King of Qatna in the 14th century BC

Adad-Nirari or H̱addu-Nirari was a king of Qatna in the 14th century BC.

==Reign==
Adad-Nirari is an Akkadian name. The king reigned for 45 years in the 14th century BC, and was mentioned in the inventories of Ninegal, found in Qatna. A tablet from Qatna records him stationing an army of chariot archers in the city of Tukad, in Mount Lebanon. The name of his queen was Pizallum.

==Theories==
===Identity===
Michael Astour suggested identifying Adad-Nirari with Adad-Nirari of Nuhašše; a hypothesis supported by Thomas Richter, who believes that Adad-Nirari ruled Qatna through a šakkanakku (military governor) called Lullu, citing that the latter's name appears in the Qatanite inventories at the time of Adad-Nirari. According to Richter, Adad-Nirari of Nuhašše ruled the second Syrian power after Mitanni, and was removed by the Hittites which gave Qatna its independence back .

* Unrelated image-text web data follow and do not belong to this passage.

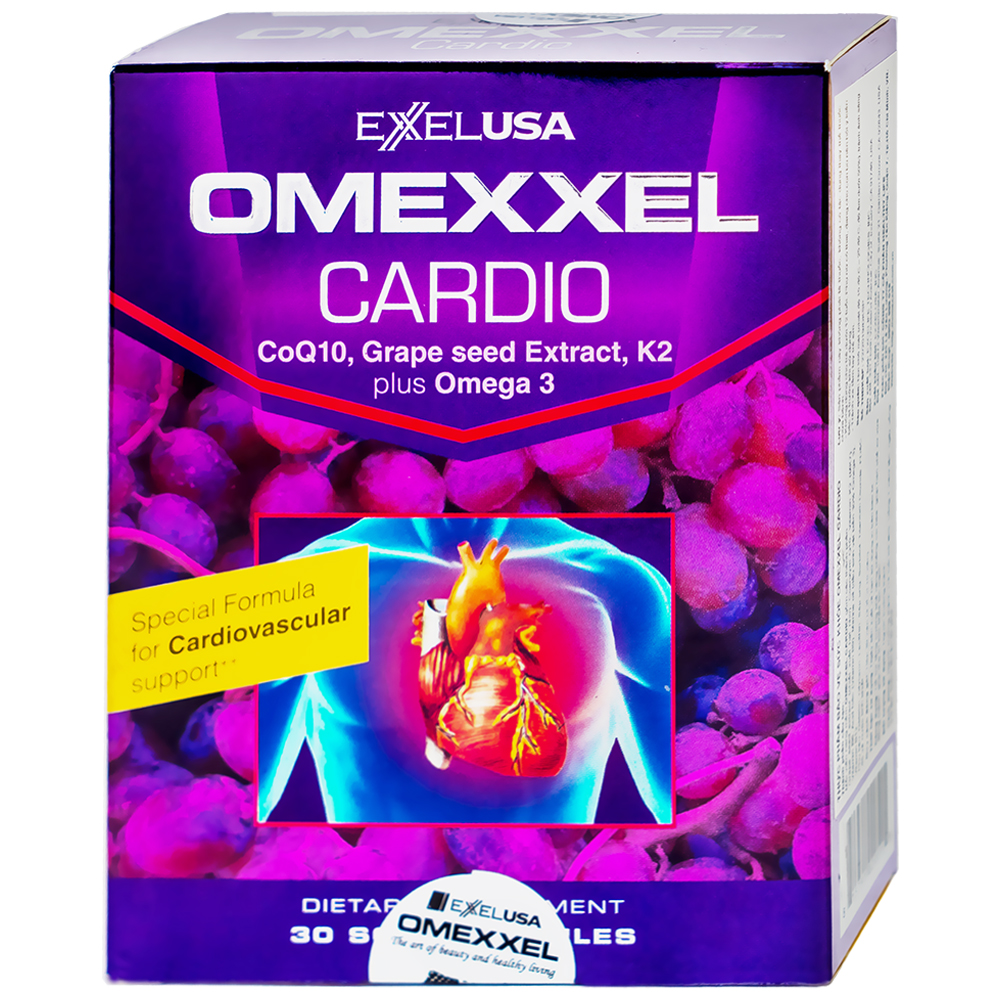 Viên Uống Omexxel Cardio Excelife Hỗ Trợ Tim Mạch (Hộp 30 Viên)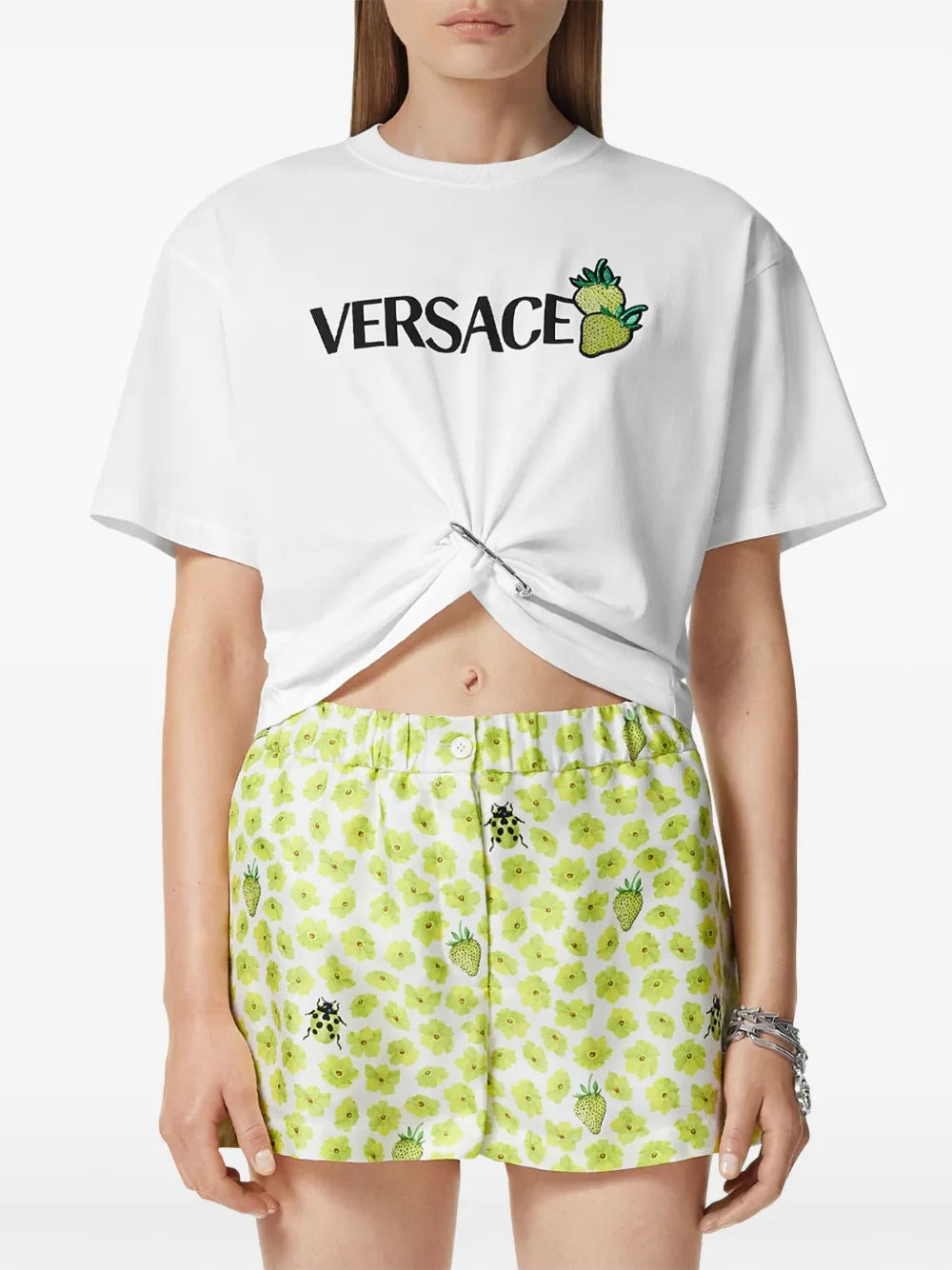 T-shirt crop fraises - 3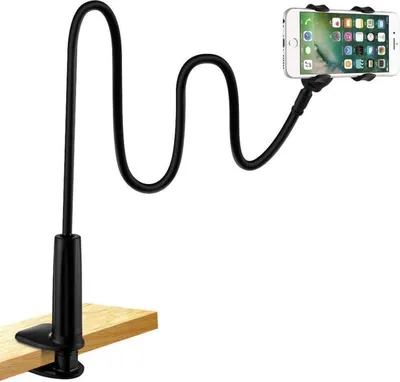 Image de LONZOTH Support de téléphone portable pour lit - Support flexible à col de cygne pour iPhone Samsung 4-6,5 pouces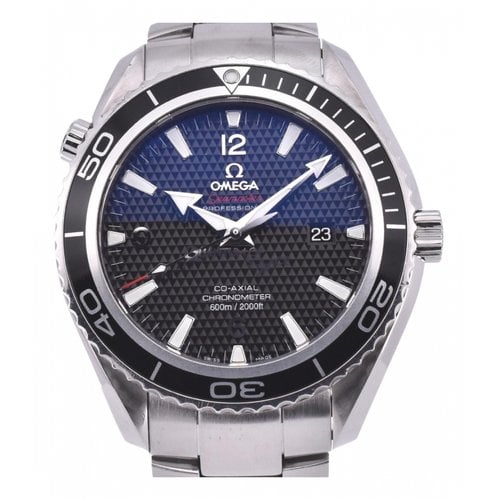 Pre-owned Omega Seamaster Watch In Black
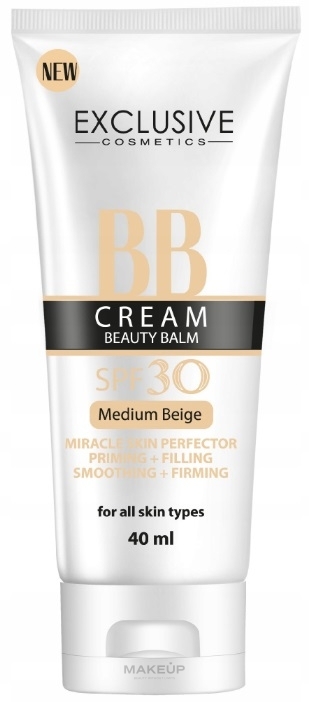 Krem BB do ciała - Exclusive Cosmetics BB Cream Beauty Balm SPF 30 — Zdjęcie Medium Beige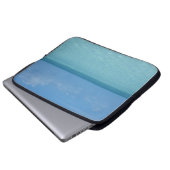 Caribbean Horizon Tropical Turquoise Blue Laptopschutzhülle (Vorne Knopf)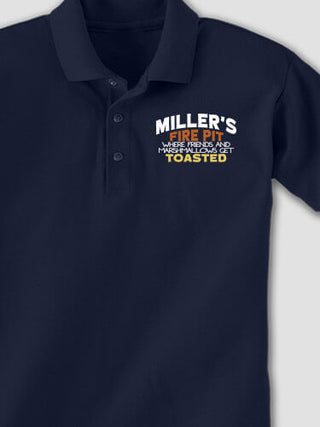 Fire Pit : Embroidered Polo Shirts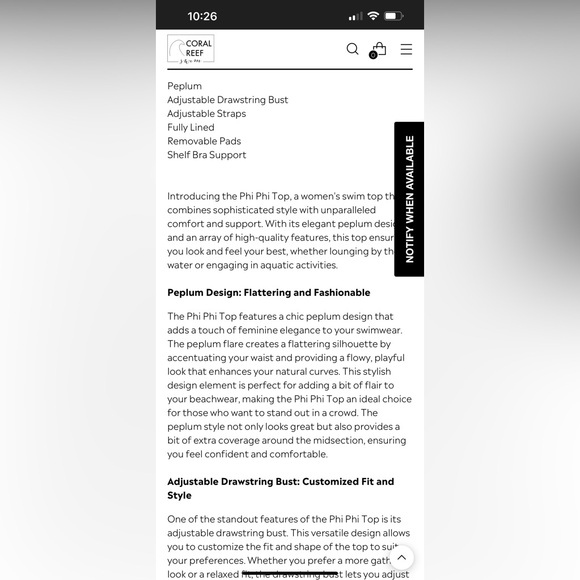 Coco Reef bikini top NWT - Picture 12 of 14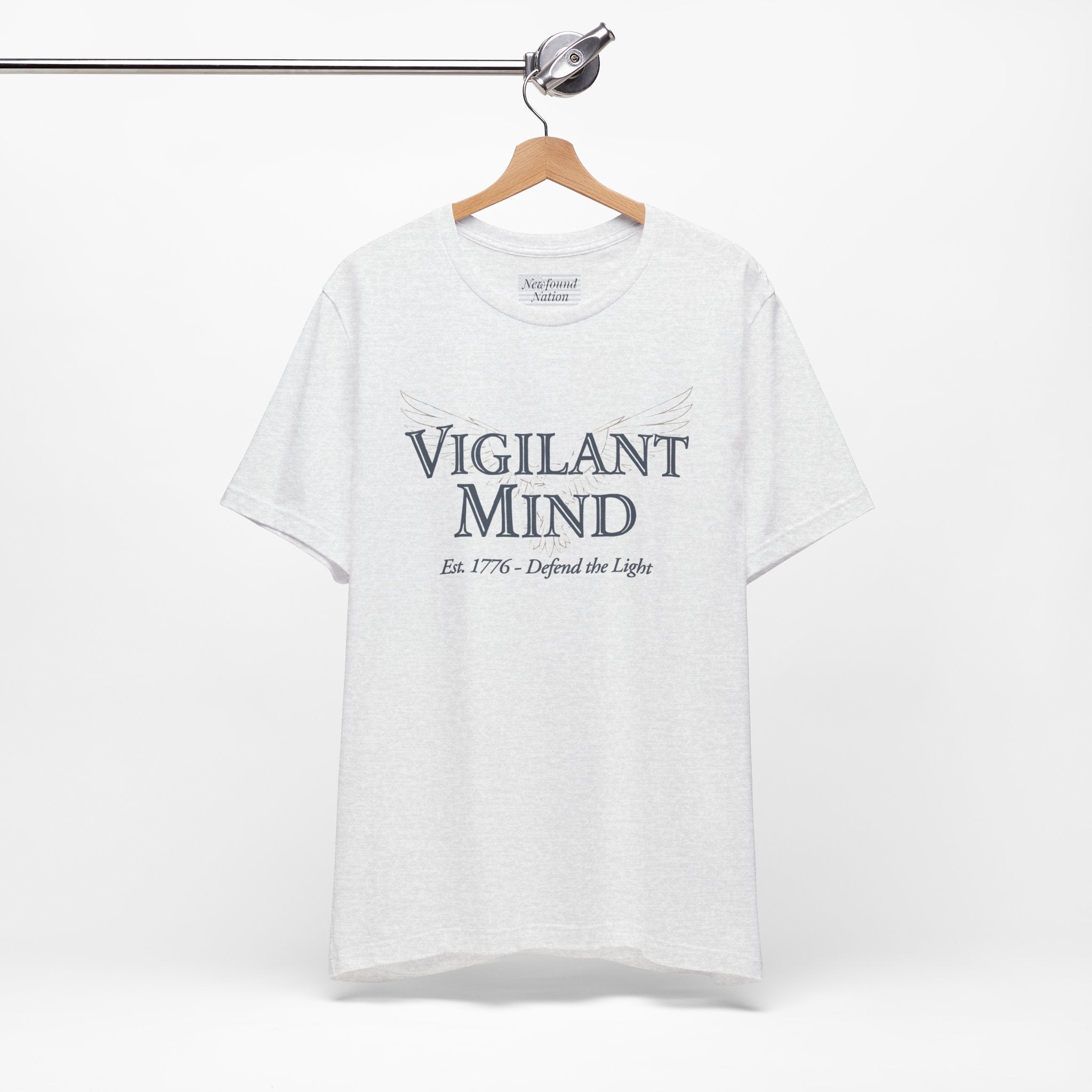 Vigilant Mind Tee – Defending the Light of Freedom
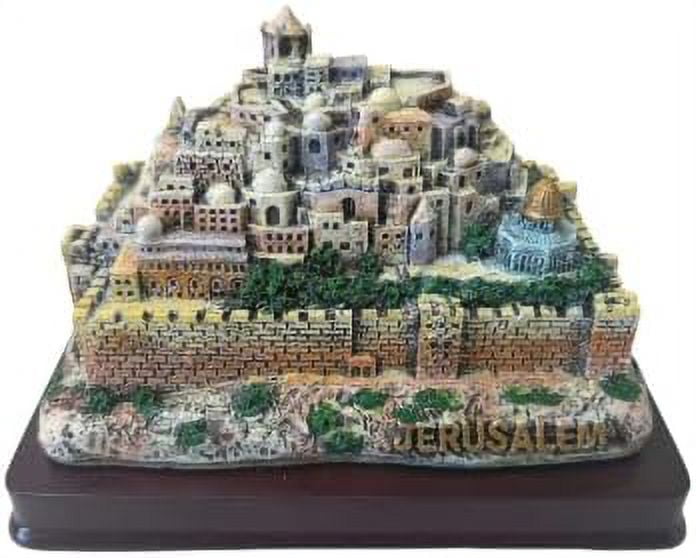 Statue Of Old City Of Jerusalem Panoramic View 3D Model Of Jerusalem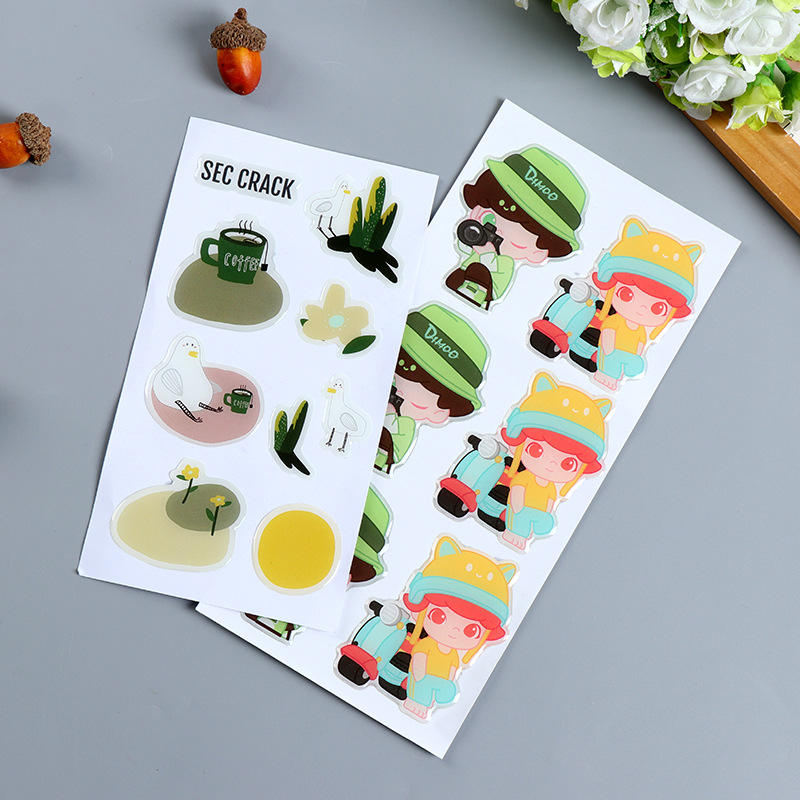 autocollant avec dos blanc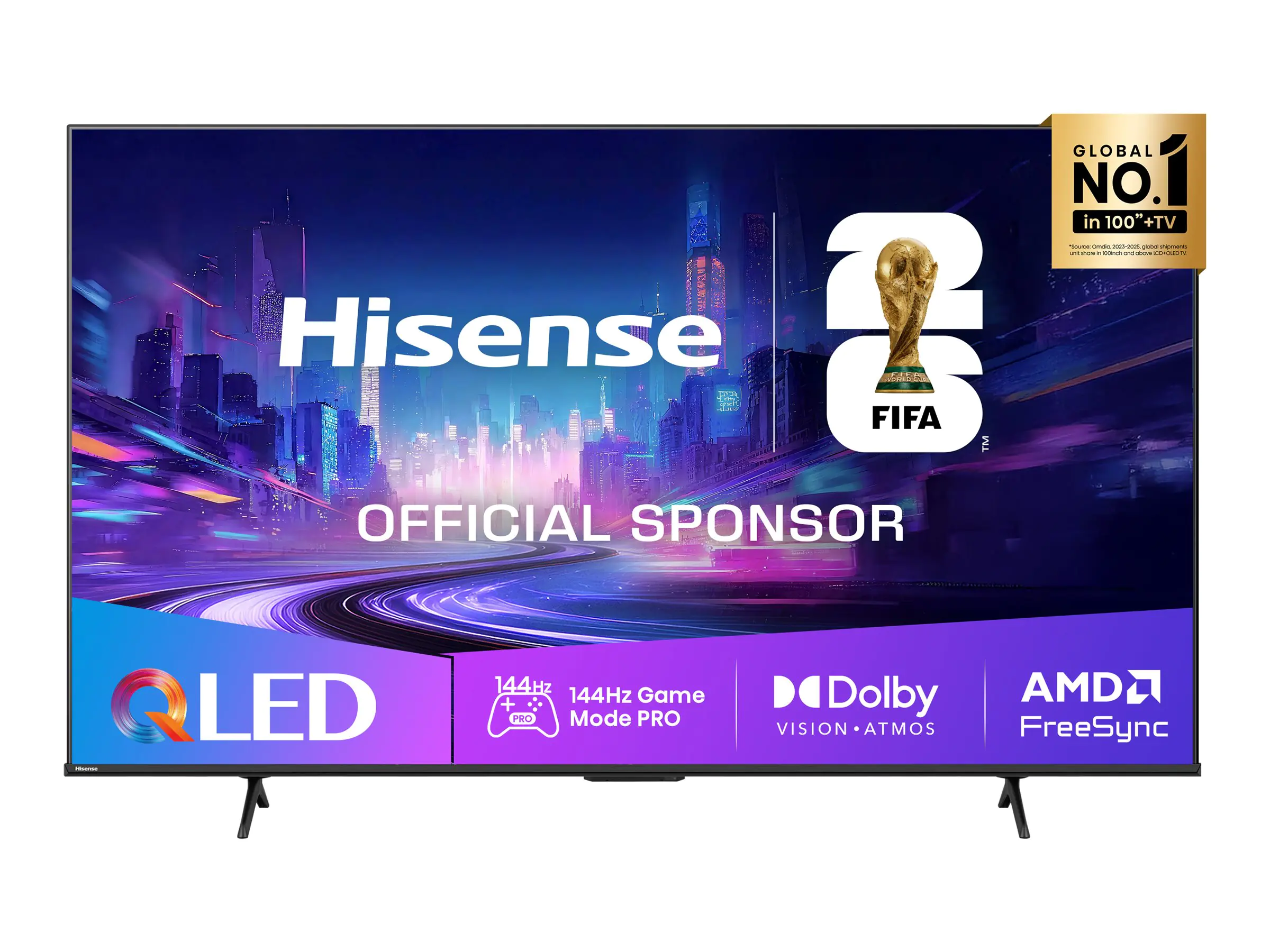 Hisense 75E77Q Pro sw QLED-TV UHD Multituner Smart Dolby Vision HDR10+ PVR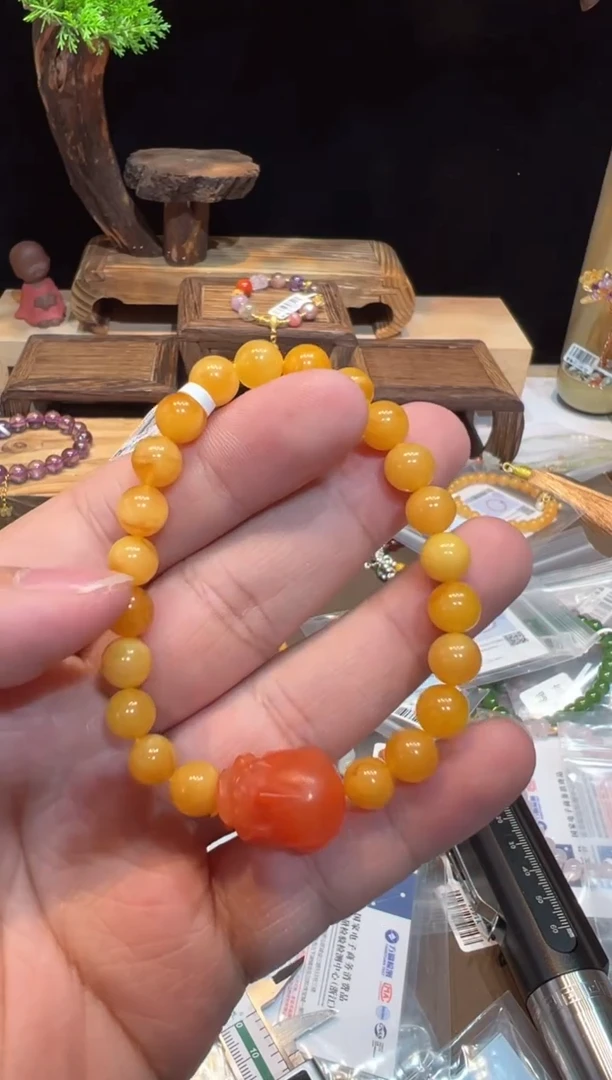 【闪购商品】琥珀手饰未镶嵌手饰@@E6263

This theory is debated; the Shattiwaza treaty between Mitanni and the Hittites mentioned Qatna independently from Nuhašše during the Hittite king Šuppiluliuma I's first Syrian war; If Qatna was part of the Nuhaššite kingdom, its submission to the Hittites would not have been mentioned separately. Jacques Freu rejected Richter's hypothesis; citing different arguments, he concluded that Adad-Nirari of Nuhašše was a contemporary of Idadnda of Qatna who ruled during the first Syrian war, a successor of the Qatanite Adad-Nirari.